Clayton Williams says that it had entered into a contractual arrangement with Lariat Services, Inc. ("Lariat"), a
privately-held contract drilling company, that calls for the formation
of a joint venture to acquire at least 12 drilling rigs. Lariat, which
presently owns and operates 18 drilling rigs, will be the operations
manager of the joint venture. The Company will be responsible for
financing the purchase of the rigs by the joint venture. The total
acquisition cost of the rigs is expected to be approximately $55
million. If the rigs cannot be 100% financed, the Company will be
required to contribute equity or make loans to the joint venture, as
needed. The joint venture will be owned 50% by Lariat and 50% by the
Company. After initial construction and equipping, all costs to
maintain the equipment will be borne proportionately between Lariat
and the Company.
It is anticipated that the rigs will be utilized primarily by CWEI
in the conduct of its exploration and development drilling program.
The Company initially expects to use up to four rigs in North
Louisiana and up to eight rigs in the Permian Basin. These are areas
where the Company has significant acreage positions and, depending on
results, may engage in long-term drilling programs.

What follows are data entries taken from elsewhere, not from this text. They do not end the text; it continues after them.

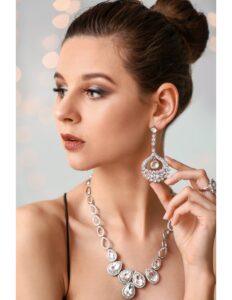 mujer enseñando aretes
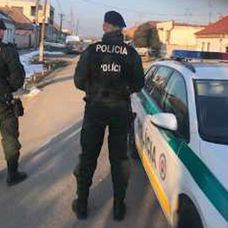 Polícia na mieste nešťastia.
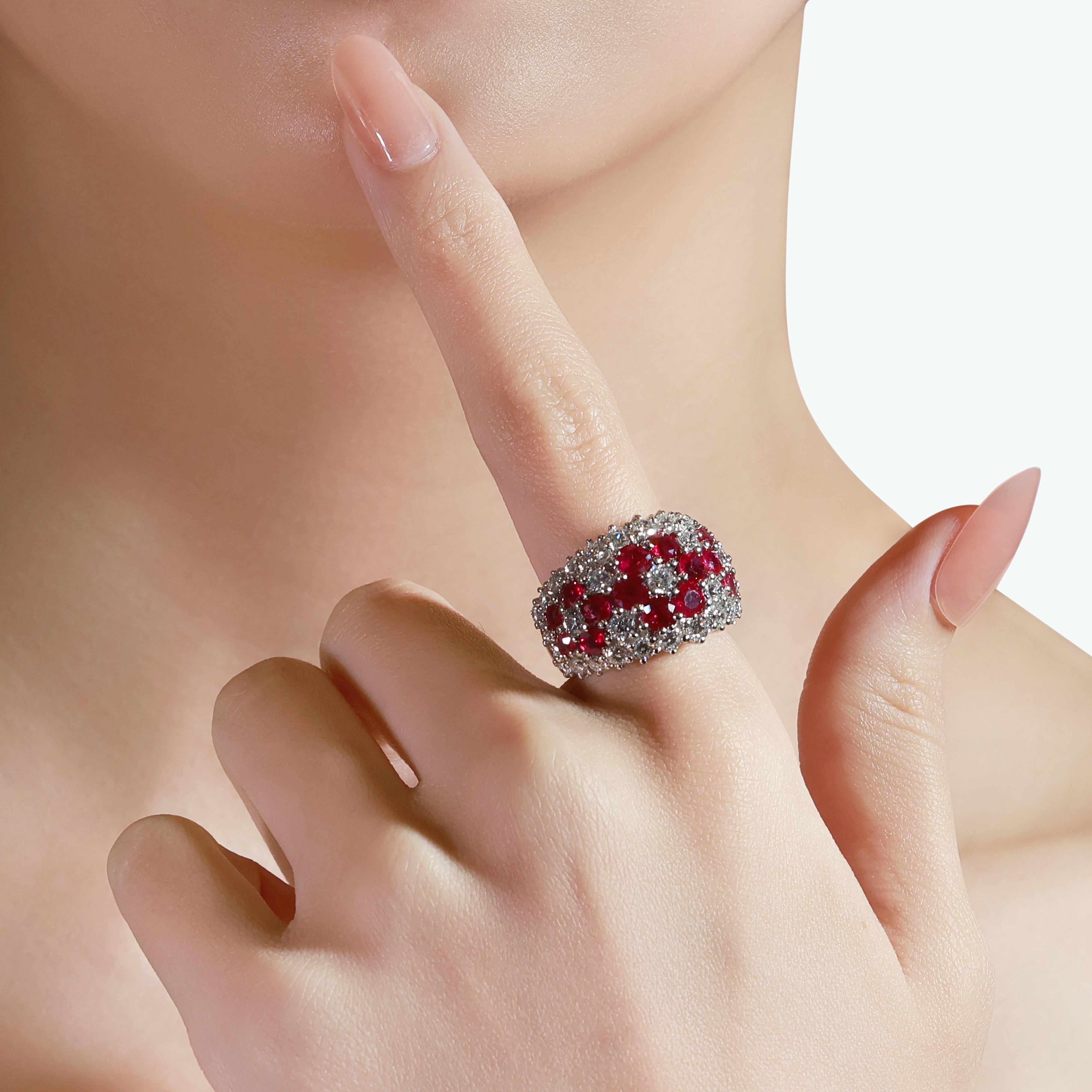 Stunning 4ct Ruby and 3.05ct Diamond Ring in Platinum For Sale 3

The Company
expects the rigs to be available at various times from March 2006 to
"I expect drilling rigs to continue to be in short supply and high
demand at least for the next several years," stated Clayton W.
Williams, CEO of Clayton Williams Energy, Inc. "We need to be assured
of rig availability in order to continue our search for oil and gas
reserves, and in my opinion, this joint venture is a much better
alternative to executing long-term drilling contracts with third party
drilling contractors. We are excited about forming this alliance with
an experienced and respected contractor like Lariat."